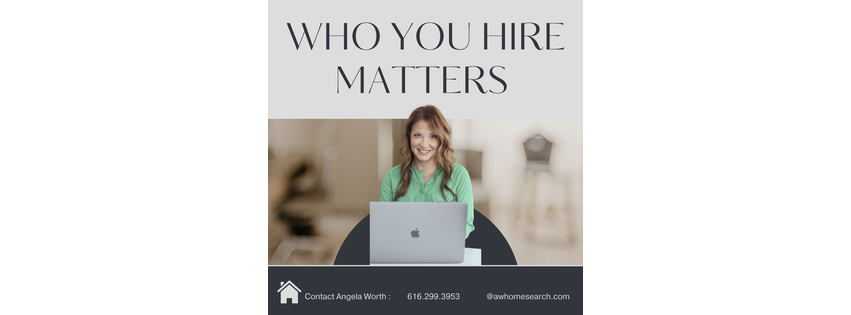 Angela Worth West Michigan Realtor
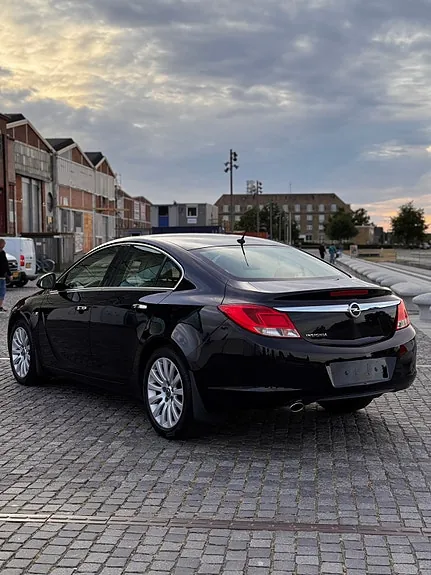 Opel Insignia 2009 photo 3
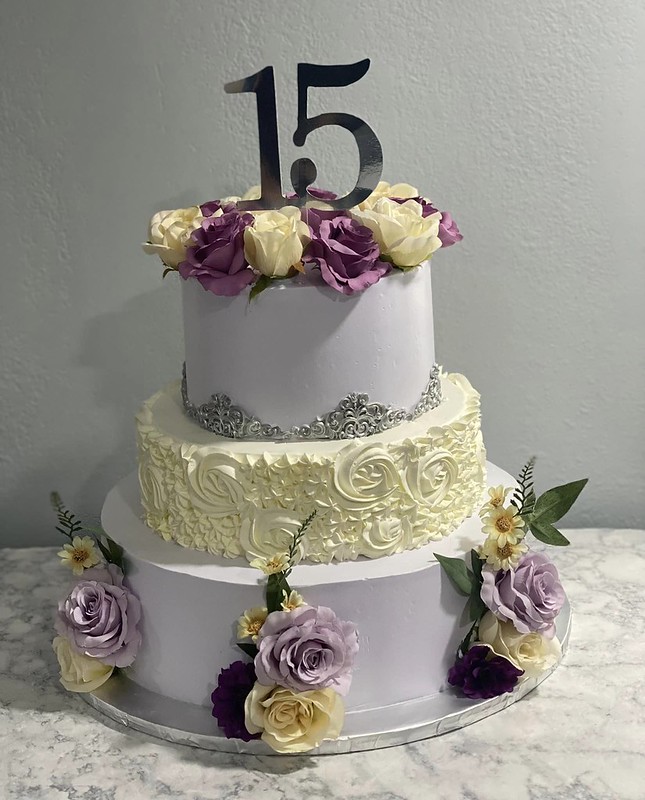 Cake by Sandy's Cakes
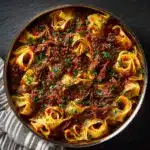 Short Rib Ragu Recipe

REQUIREMENT: Give every line of the listing above again, exactly, with no images.

RESULT FOR THIS EXERCISE:
 Angela Worth West Michigan Realtor
 Opel Insignia 2009 photo 3
 Cake by Sandy's Cakes
 Short Rib Ragu Recipe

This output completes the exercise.